● **ASSIGNMENT**
Beginning with the line in which "White Mountain Puzzle 1000 TV Lunch Boxes" appears, transcribe each line word for word until the records end. Do not include pictures.

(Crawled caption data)
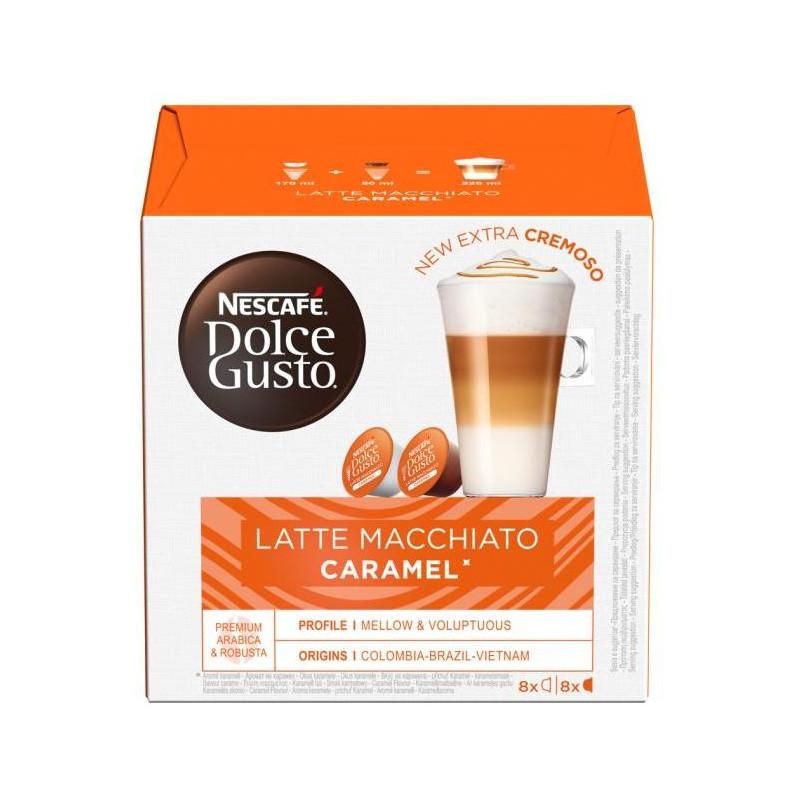 Kávové kapsule DOLCE GUSTO Latte Macchiato Caramel (16 ks)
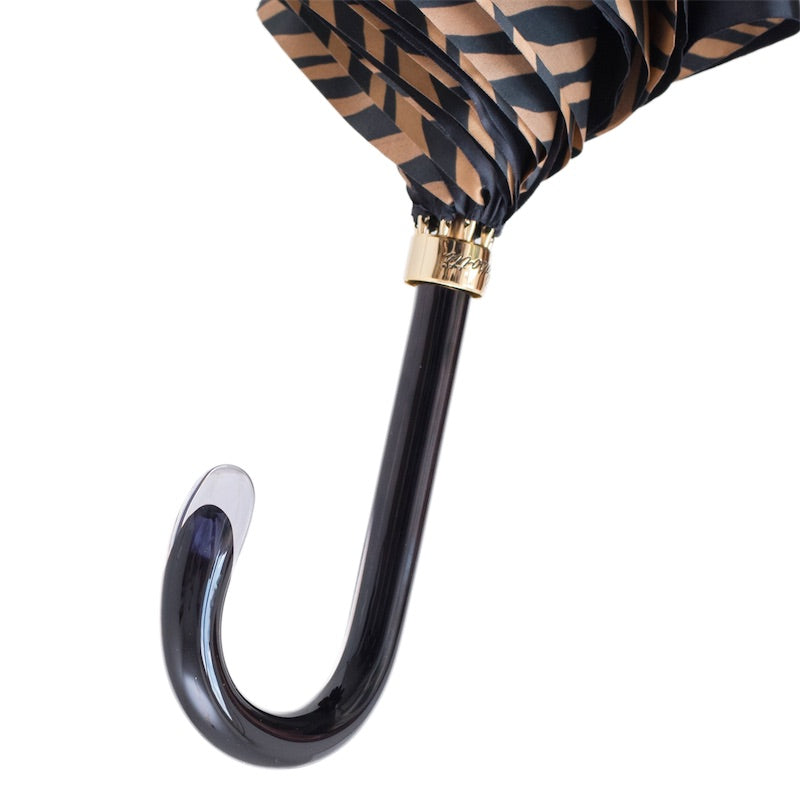 Brown Zebra Print Umbrella - Umbrella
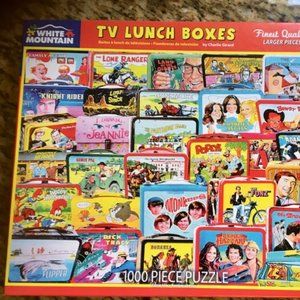 White Mountain Puzzle 1000 TV Lunch Boxes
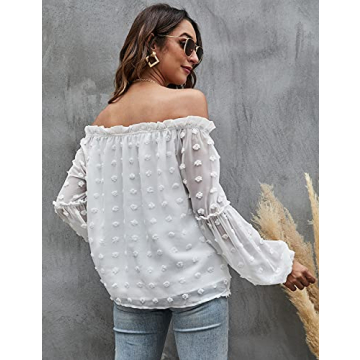 Elegant Blooming Jelly Off The Shoulder Blouse for Women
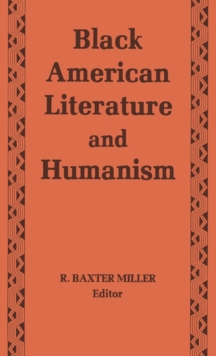 Image for Black American Literature and Humanism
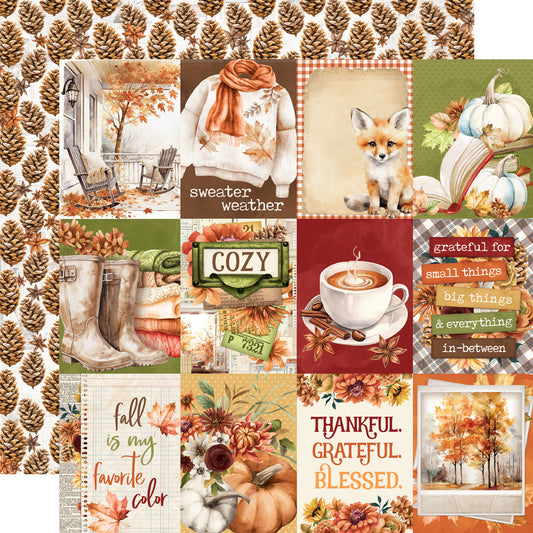 Simple Stories - Simple Vintage Autumn Breeze - Cardstock: 3x4 Elements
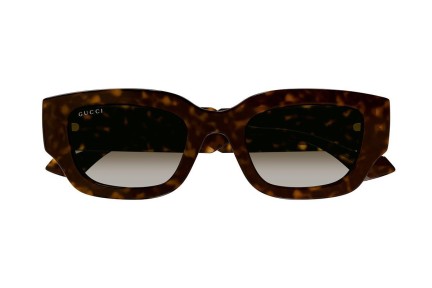 Sunglasses Gucci GG1558SK 002 Quadratisch Havanna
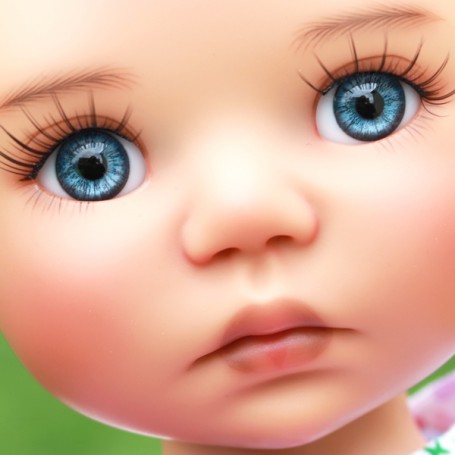 New 18mm Glass Eyes for Joint Reborn/NewBorn BJD Dollfie Blue pupil&Gray Pupil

● **EXERCISE RESPONSE**
 White Mountain Puzzle 1000 TV Lunch Boxes
 Elegant Blooming Jelly Off The Shoulder Blouse for Women
 Image for Black American Literature and Humanism
 Simple Stories - Simple Vintage Autumn Breeze - Cardstock: 3x4 Elements
 Sunglasses Gucci GG1558SK 002 Quadratisch Havanna
 New 18mm Glass Eyes for Joint Reborn/NewBorn BJD Dollfie Blue pupil&Gray Pupil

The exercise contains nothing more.